In this project the goal was to find a method to take a group of 100 students and form 5 teams of students where the average team score was balanced.
Current State
The students are originally grouped into 7 teams shown below.
Each student has an average score based on the categories: Reading, Writing, Math, and Science.
Team Distribution of Average Student Scores
The average of the teams ranged from 43.25 to 50.85. The difference between the teams is relatively small, but let's see if we can improve the teams.
Future State
For the future state teams, I'll be using Linear Programming to minimize the difference between the average team score. Making the teams as balanced as possible.
New team constraints:
There will be 5 new teams
Each student can only be assigned to 1 team
Team size will have the specified size, team_sizes = [15, 25, 20, 20, 20]
There will be at least 1 student with a score of 70 or more in each of the categories 'Reading', 'Writing', 'Math', and 'Science'.
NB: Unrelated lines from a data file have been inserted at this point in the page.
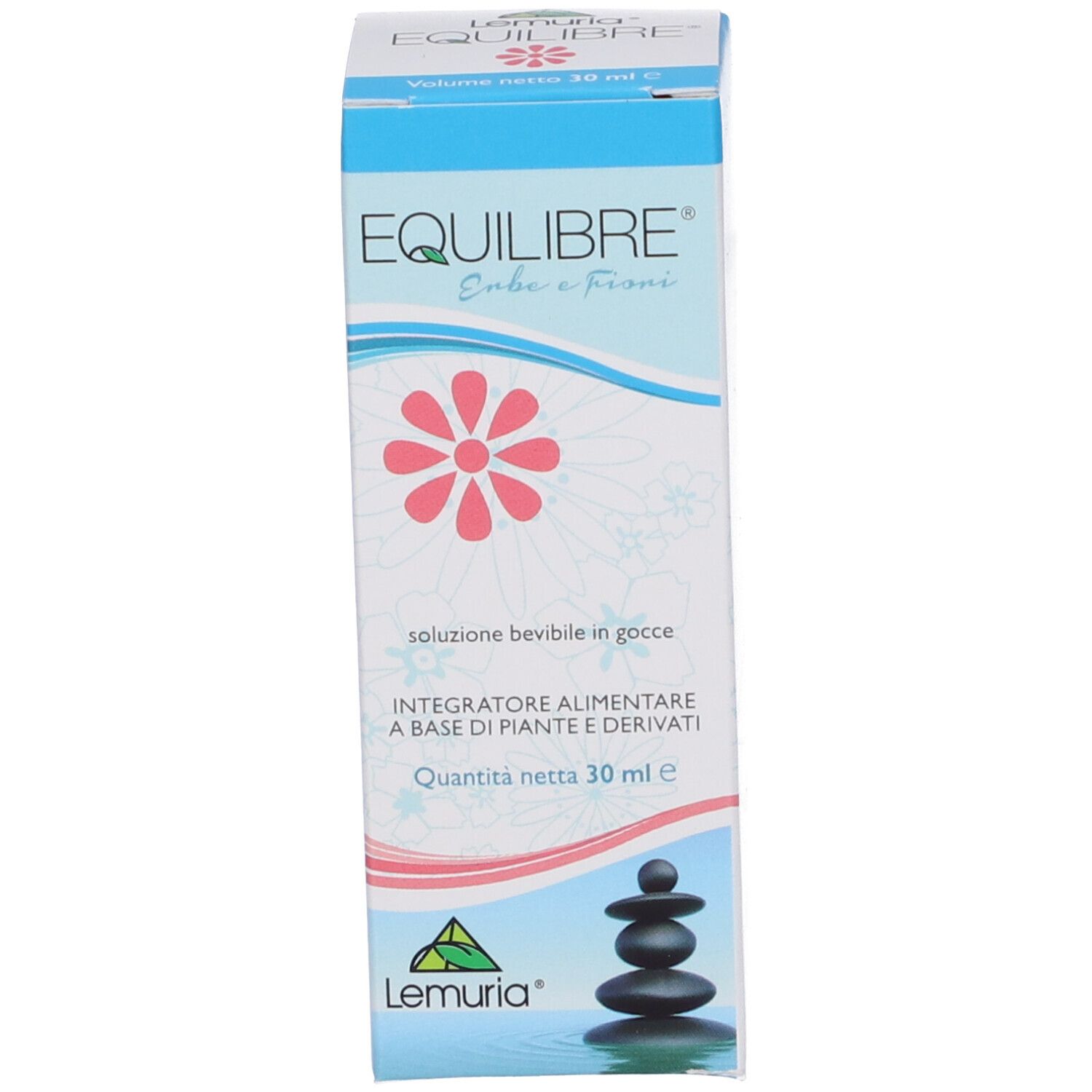 Confezione in cartone con nome del prodotto e design floreale. Contiene gocce. Testo in italiano.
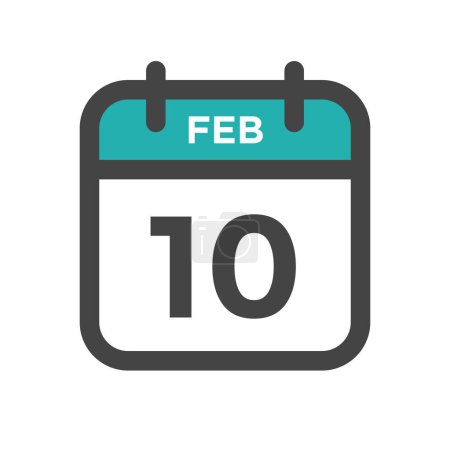 Ilustración de 10 de febrero Día del calendario o fecha de calendario para la fecha límite y la cita - Imagen libre de derechos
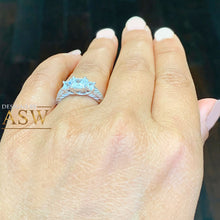 Load image into Gallery viewer, 14k Solid White Gold Princess Cut Forever One Moissanite and Natural Diamond Engagement Ring Antique Three Stones 1.60ct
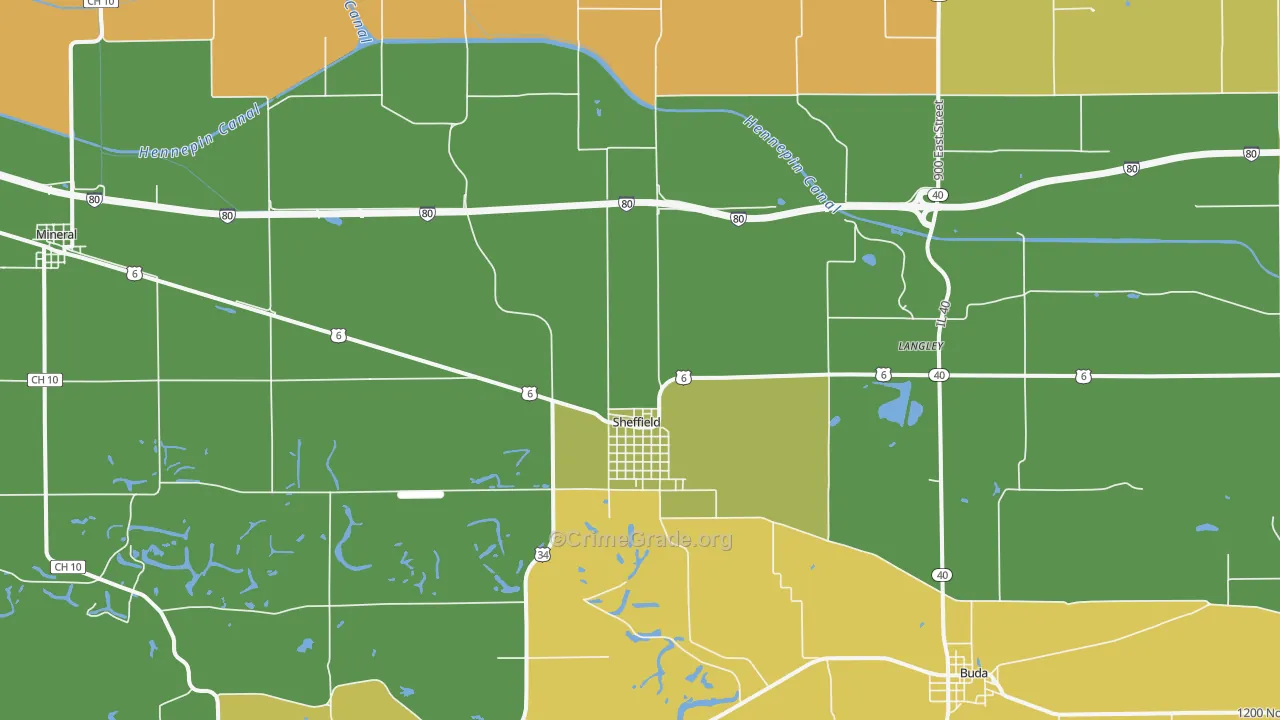 Sheffield, IL Map of Vandalism Rates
The constraints were used to create a Linear Programming model with the following results.
The team averages are more balanced than the current state while following the constraints.
In the chart above you can see each students score. I also clustered the students based on the category scores, to help find students of similar skill level. The clustering did not affect the results of the linear optimization. It was more for identification of student groupings.
One benefit was that I was able to write some code that allowed for finding a similar student.
In the example below with student 99, the nearest students are student 4 and student 87.
Conclusion
I was able to build a model that could rebalance the students while following a set of constraints on the new teams.